(Scraped caption text data)

--

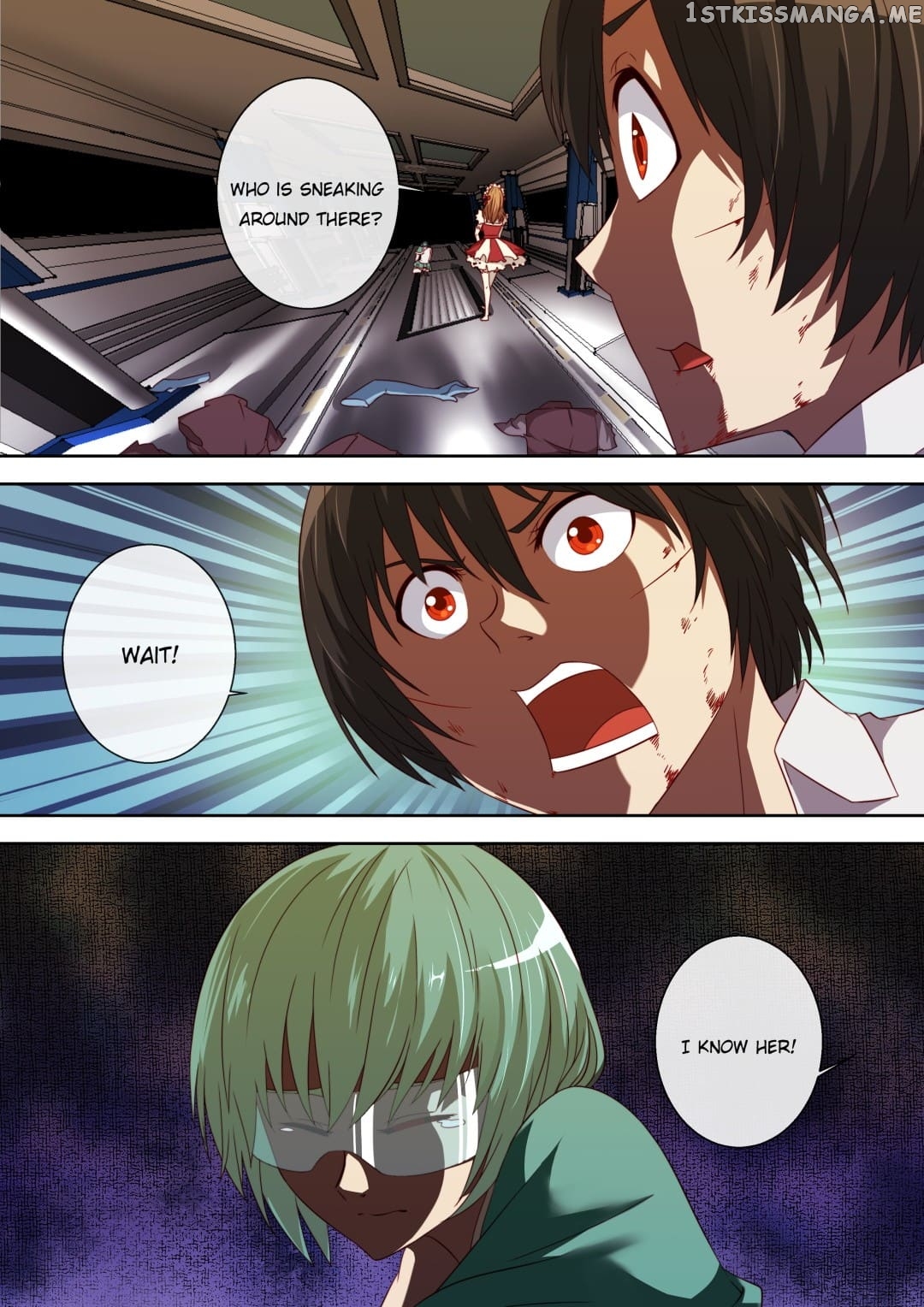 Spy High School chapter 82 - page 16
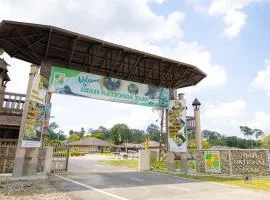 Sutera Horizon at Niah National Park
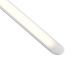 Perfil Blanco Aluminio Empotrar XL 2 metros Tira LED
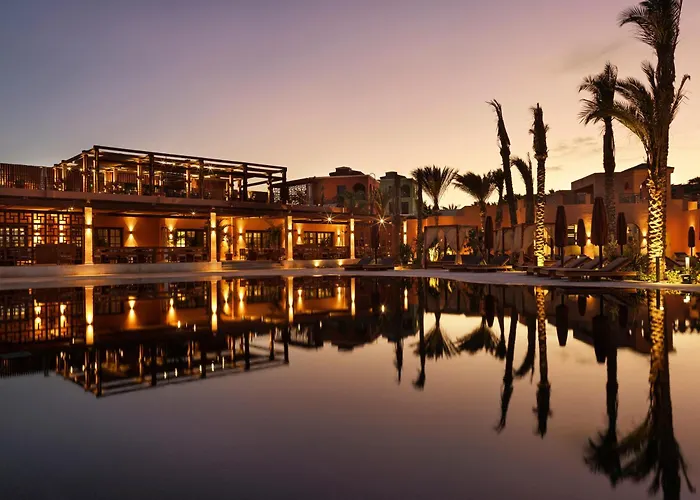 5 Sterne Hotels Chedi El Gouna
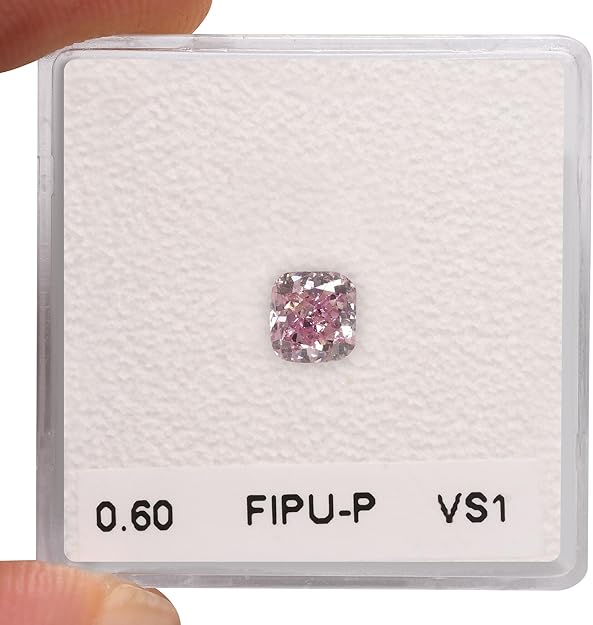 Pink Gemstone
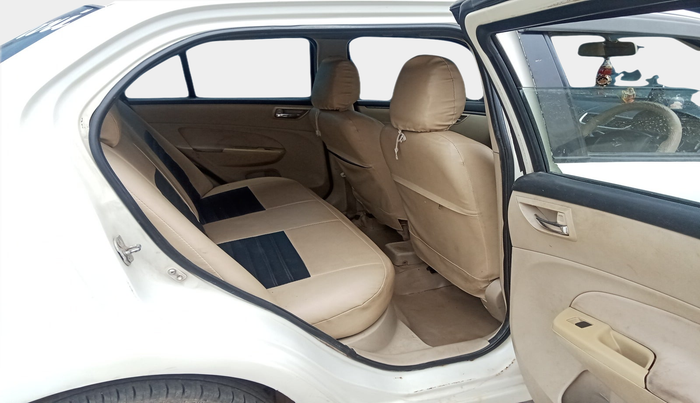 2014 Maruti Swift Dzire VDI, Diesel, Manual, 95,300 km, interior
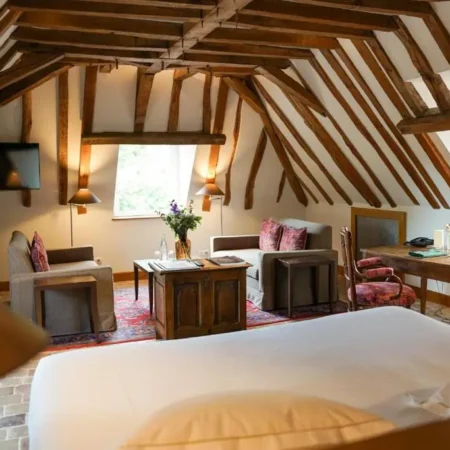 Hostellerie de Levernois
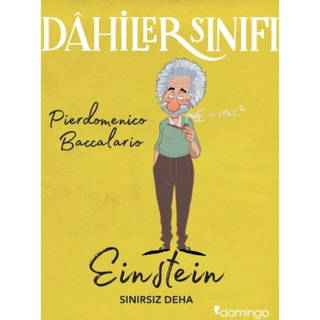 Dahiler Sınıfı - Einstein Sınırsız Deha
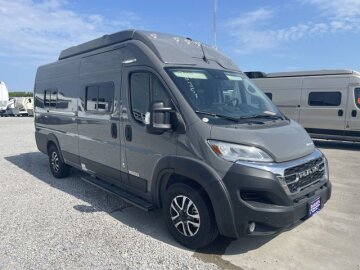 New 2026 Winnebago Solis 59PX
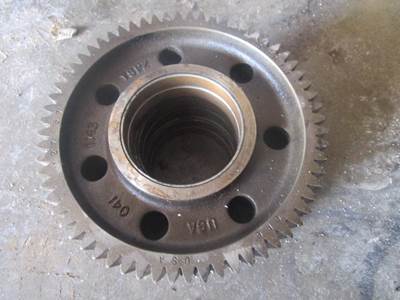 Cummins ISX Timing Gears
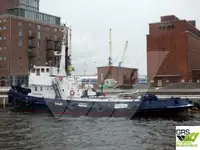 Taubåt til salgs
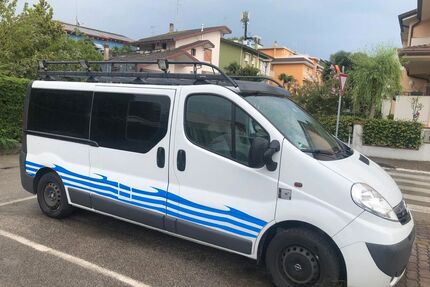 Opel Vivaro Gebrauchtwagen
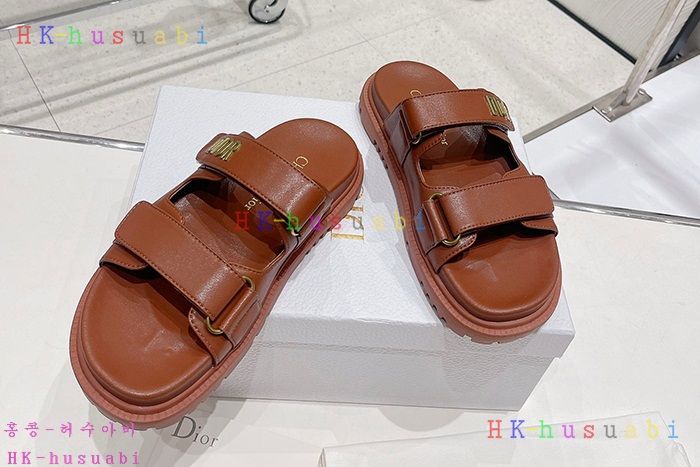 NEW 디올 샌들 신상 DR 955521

--

#### TRY IT:
Because only the text is wanted, repeat all the entries exactly and leave out the pictures.

#### RESPONSE BELOW:
 Spy High School chapter 82 - page 16
 Sutera Horizon at Niah National Park
 Perfil Blanco Aluminio Empotrar XL 2 metros Tira LED
 5 Sterne Hotels Chedi El Gouna
 Pink Gemstone
 2014 Maruti Swift Dzire VDI, Diesel, Manual, 95,300 km, interior
 Hostellerie de Levernois
 Dahiler Sınıfı - Einstein Sınırsız Deha
 New 2026 Winnebago Solis 59PX
 Cummins ISX Timing Gears
 Taubåt til salgs
 Opel Vivaro Gebrauchtwagen
 NEW 디올 샌들 신상 DR 955521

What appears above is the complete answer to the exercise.